Her return to the music scene in 1990 was met with skepticism and curiosity, propelling the single Dear Friend to No. 1. Nakamori once claimed that Dear Friend is perhaps her only happy song. Nevertheless, she reverted to melancholic, jilted love songs that ultimately did not go well with the public's taste. Her next single Mizu ni Sashita Hana became her 21st Oricon #1 single, but she could not reach the top position again after that. In autumn 1990 she was slated to release a new studio album Gaze, which would include singles Mizu ni Sashita Hana and ten more songs written by writer Eikyo Kyo.[6][7] Due to issues with the record label, soon after her two-day live concert Yume, Nakamori left Warner Pioneer and the album remained unreleased.

In 1991 and 1992, Nakamori ventured into acting with varying success. Kome Kome Club's 1992 single Kimi ga Iru Dake de, which sold over 2.89 million copies, was the theme song of Japanese television drama Sugao no Mamade, in which she played a role.

In 1993, she transferred to the record company MCA Records and signed under the label MCA Victor.[8] On 21 May 1993, she released her 27th single Everlasting Love, written and produced by Ryuichi Sakamoto. Two years had passed since the release of her previous single Futari Shizuka. According to the recording producer, Nakamori distanced herself from her casual style, and, along with her new music production staff, aimed more for a contemporary style with this release.[9] The single debuted at number 10 on the Oricon Weekly Single charts and charted for 5 weeks.

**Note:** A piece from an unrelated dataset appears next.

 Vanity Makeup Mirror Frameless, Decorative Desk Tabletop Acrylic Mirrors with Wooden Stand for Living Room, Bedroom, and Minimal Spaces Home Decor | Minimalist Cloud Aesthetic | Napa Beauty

On 24 March 1994, Nakamori had a double release for her 28th single: her first cover single Kataomoi, originally performed by Mie Nakao and her first cover album Utahime. The B-side track Aibu was written by Komuro Tetsuya. This track is widely popular among fans, and Nakamori has performed it very often during live tours.[10] Plans were made to release Aibu as a single, however, it was decided that the start-up single would be Everlasting Love. The single debuted at number 17 on the Oricon Weekly Single charts and charted for 8 weeks. The main producer of cover album Utahime was Nakamori herself, and the main arranger was Akira Senju. The album debuted at number 5 on the Oricon Weekly Album Charts and chart for 9 weeks. In 2002, a re-mastered version of the album was released through Universal Music.

On 13 April 1994, Nakamori played a role as the first suspect on the TV Series Furuhata Ninzaburō in the episode titled The Shoujo Manga Murderer.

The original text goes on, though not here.